1.       Whether or not you are ready to buy a house

2.       What price range you should consider if you are indeed ready to buy a house.

I have only one suggestion for this person(s) because I am very biased toward James Williamson at Shelter Mortgage.  He has an office in my  office complex and has made loans to everyone in my family.  But, more importantly, he is not a high pressure sales person.  He will look at your financial situation and “coach” you about the financial aspects of purchasing a home.

If you are not ready, he will tell you.  And he will tell you what goals to set in order to be financially ready to purchase a home.  All of this is confidential.  And honestly, you can tell him the unvarnished truth and he will then select the best path for you to proceed.  Call me and I can provide you with contact information for James or his Associate Robbie Crozier.  Both are excellent.

Don’t rush the process

No need to make a rushed bad decision.  Move deliberately in the direction of buying a house.

Check out the Neighborhoods

This is where I can be an excellent resource once you have identified the “general” areas you are willing to consider.  We can set up a direct feed from FMLS that sends listings, meeting your general criteria, directly to your email.  This lets you see a lot of houses and you can then weed out the ones that look more promising.

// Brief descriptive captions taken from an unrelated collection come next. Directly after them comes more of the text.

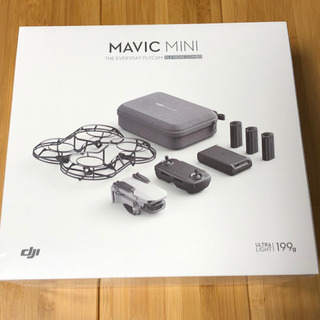 オプティミスティック 美品DJI Mavic Mini Fly More Combo 【値下げ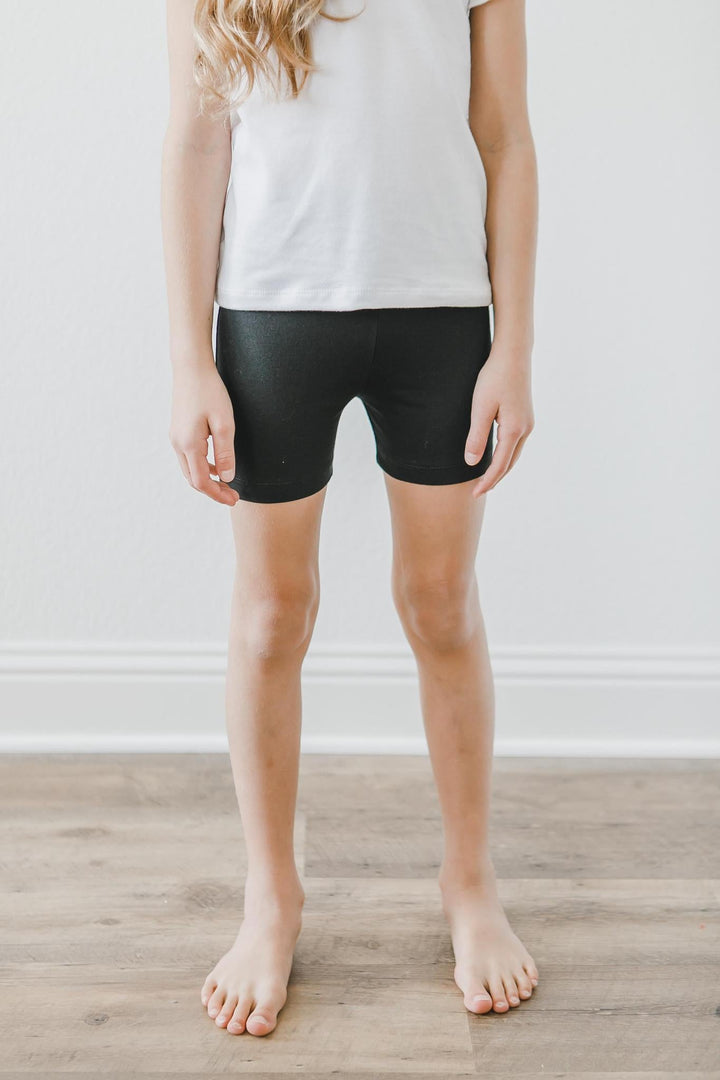 Twirl Shorts - Black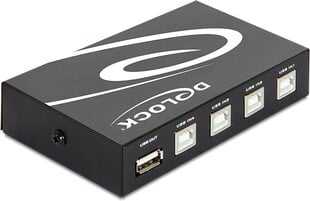 Delock 87634 kaina ir informacija | Adapteriai, USB šakotuvai | pigu.lt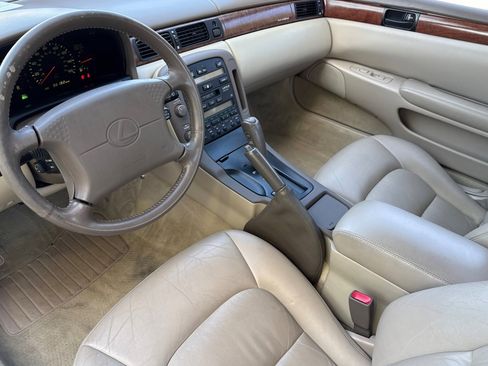 Used 1993 Lexus SC 400 Coupe RWD image 4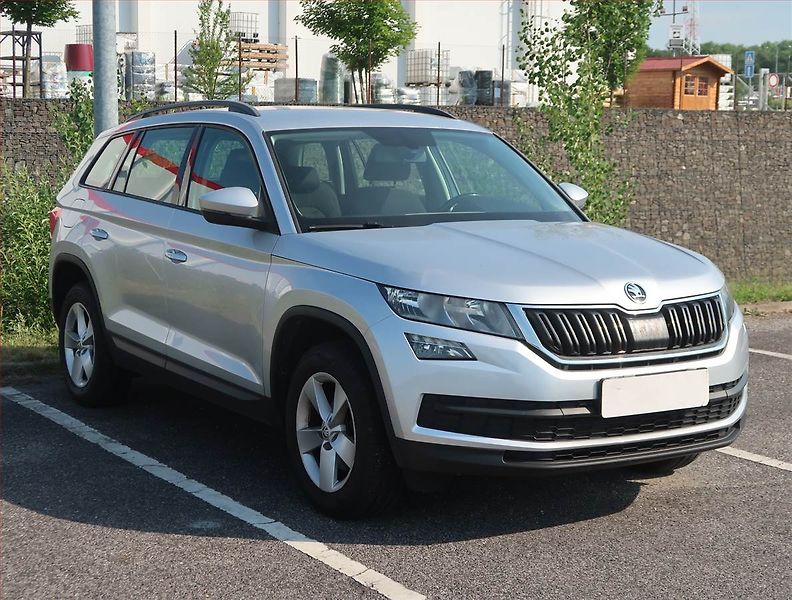 Škoda Kodiaq (2018) Ambition Plus 2.0 TDI, Automat - fotografie inzerátu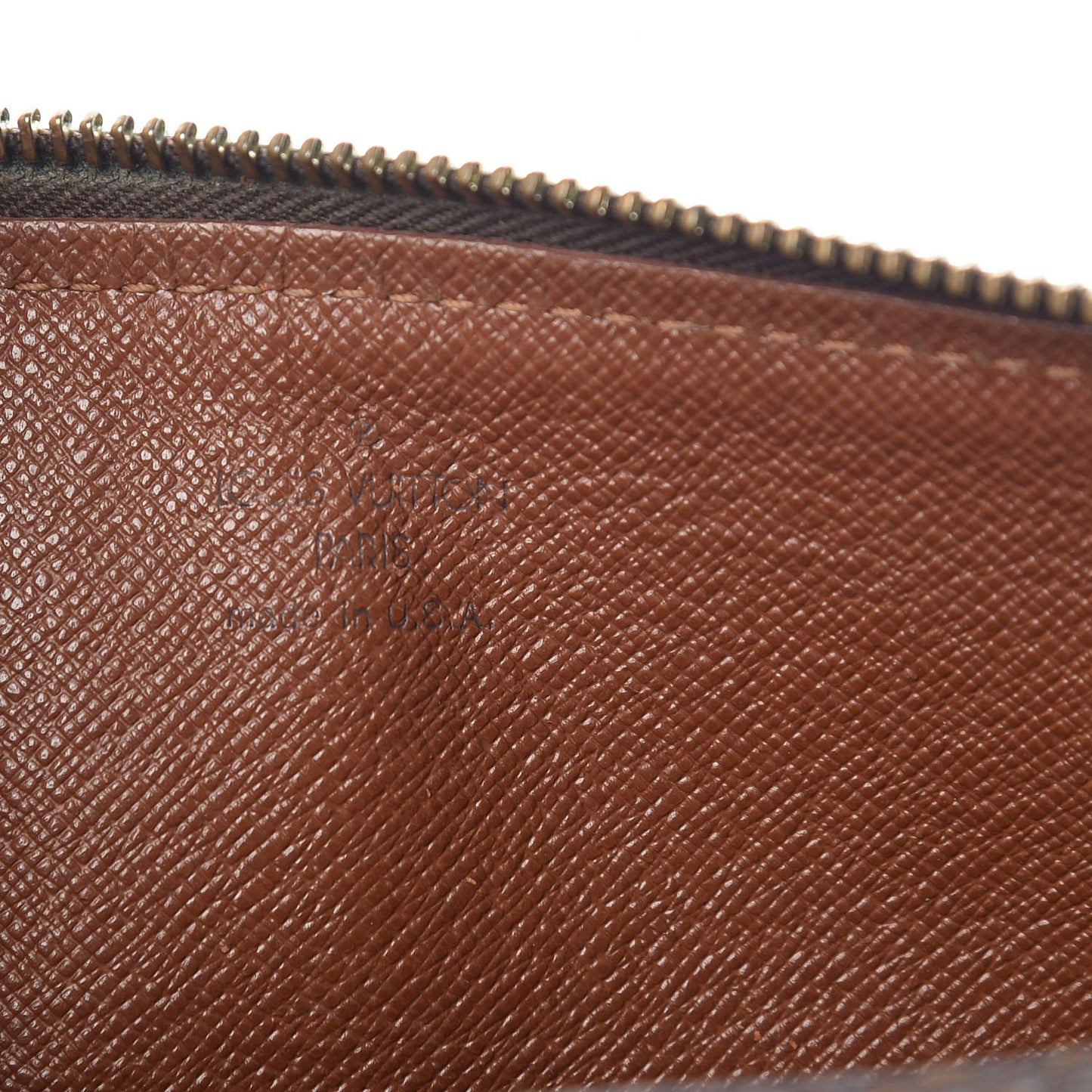 Monogram Papillon 26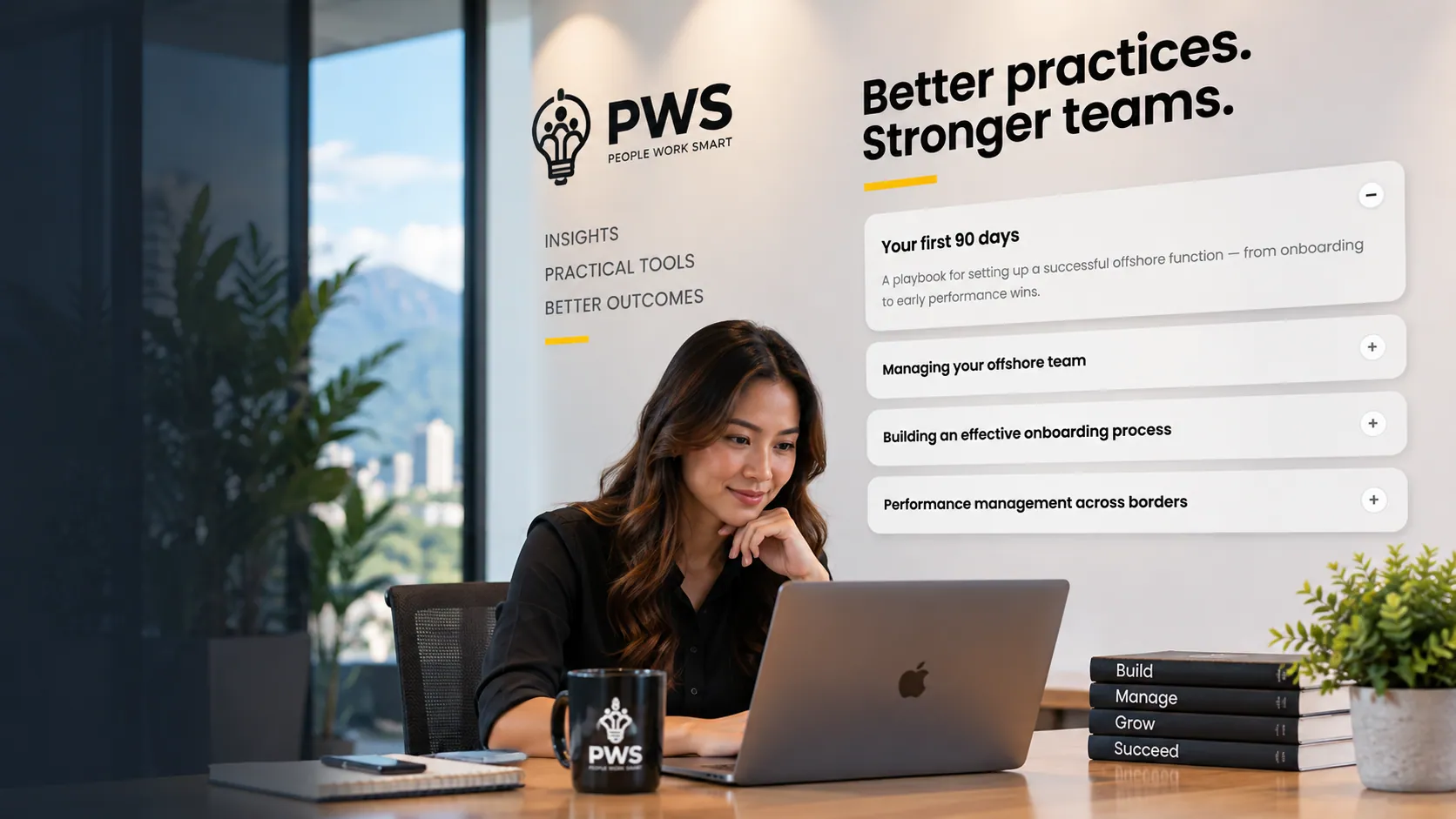 People Work Smart team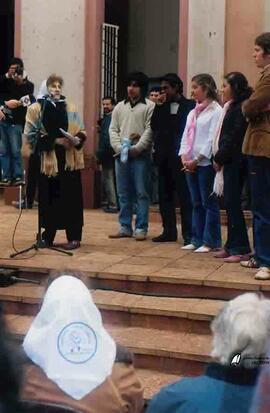 Semana de la Juventud, Posadas, Misiones 2005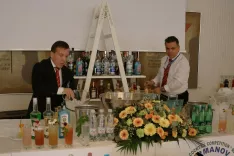 Brata Fartek, Jožef in Tomaž / Foto: Alenka Brun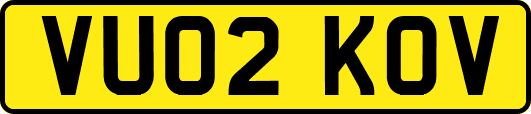 VU02KOV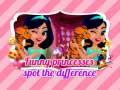 Игри Funny Princesses Spot The Difference
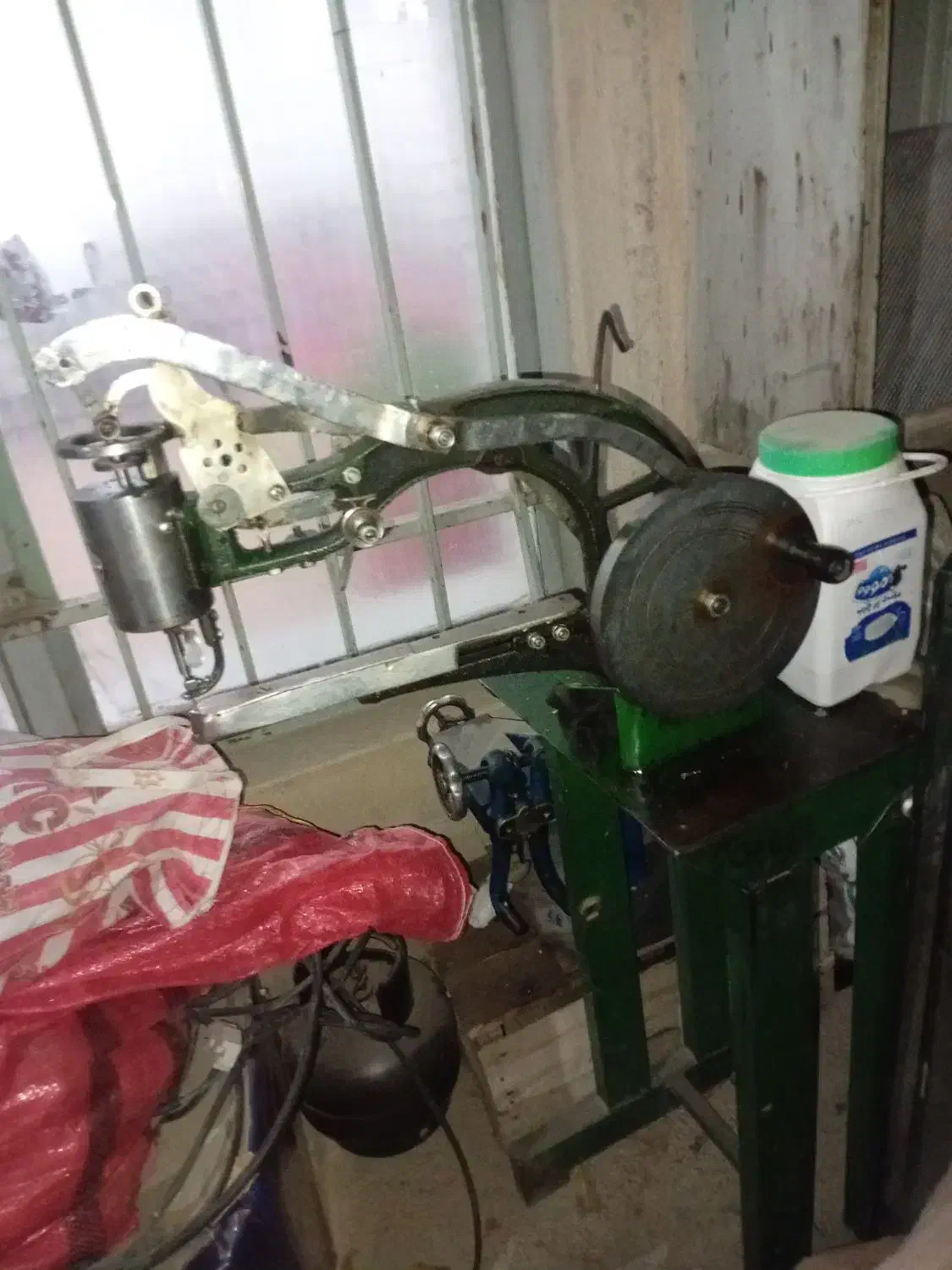 لوازم کفاشی|ابزارآلات|محمدشهر, محمدشهر|دیوار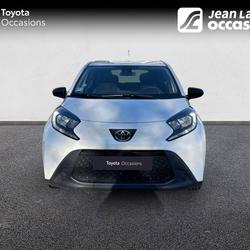 Toyota Aygo X Aygo X 1.0 VVT-i 72 Dynamic V&eacute;traz-Monthoux
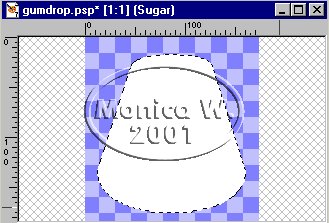 add sugar layer 7gDone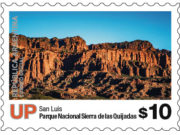 Nueva serie de sellos postales de los Parques Nacionales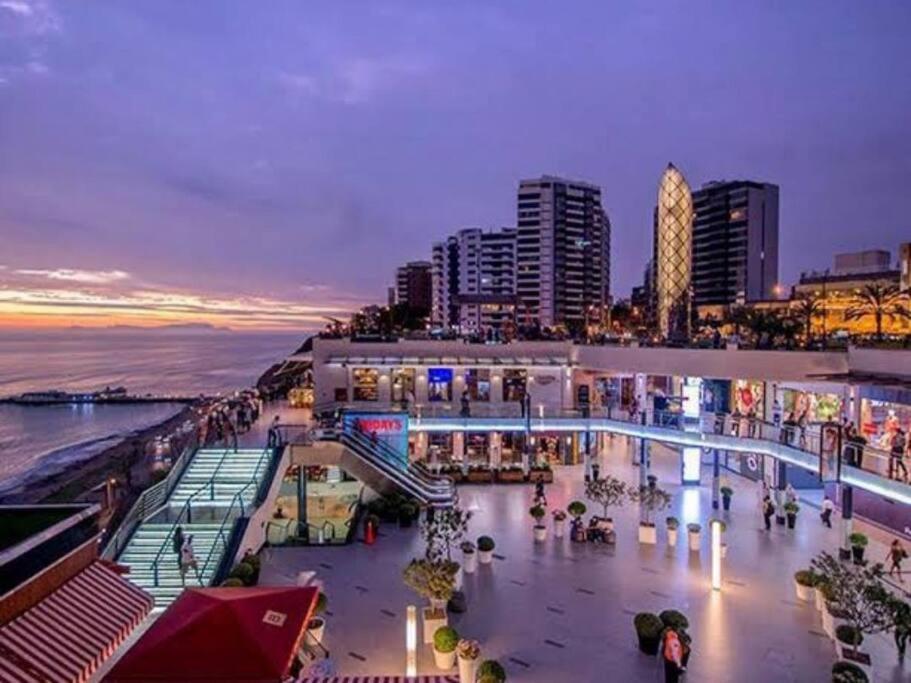 Centric Apartments In Miraflores • Key Locations • Distretto di Distretto di Lima Esterno foto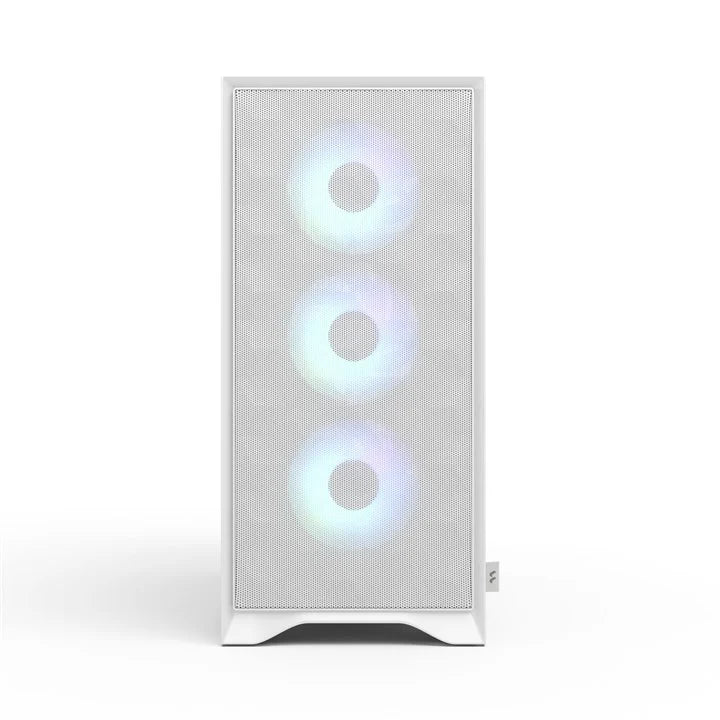 Fractal Design Pop 2 Air White TG RGB Midi Tower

There is no harm in starting the feed ASAP but I would not worry too much about looking at the actual homes until you after you meet with the loan guy.  However, looking at houses online is a great way to find out what to expect from the market.  One of my skills is finding houses with potential once you narrow the neighborhoods down a bit.

Go visit the houses

When all your other ducks are in a row, it is time to start visiting houses.  I suggest we visit a lot of houses so you can get a hands on feel for what to expect in the marketplace.  There will be some give and take as we find houses that meet some, but not all of the attributes we set out as important.  Ultimately, we will find a target house and make an offer.  

Note, I did not say buy, I said “make an offer”. 

You need to avoid emotional commitment at this point.  We are entering a business deal and emotions will only cause you to overpay.  YOU MUST be willing to walk away from the deal, and resume your house hunt, at any time.

Sellers are becoming more realistic, but if they do not want to deal then you will need to walk.  We need to maintain  an emotional distance from the houses you identify as worthy of making an offer.

This process continues until we identify a suitable home, cut an agreeable deal and then follow up with inspections and due diligence.  Then you can fall in love with the house and make it your own.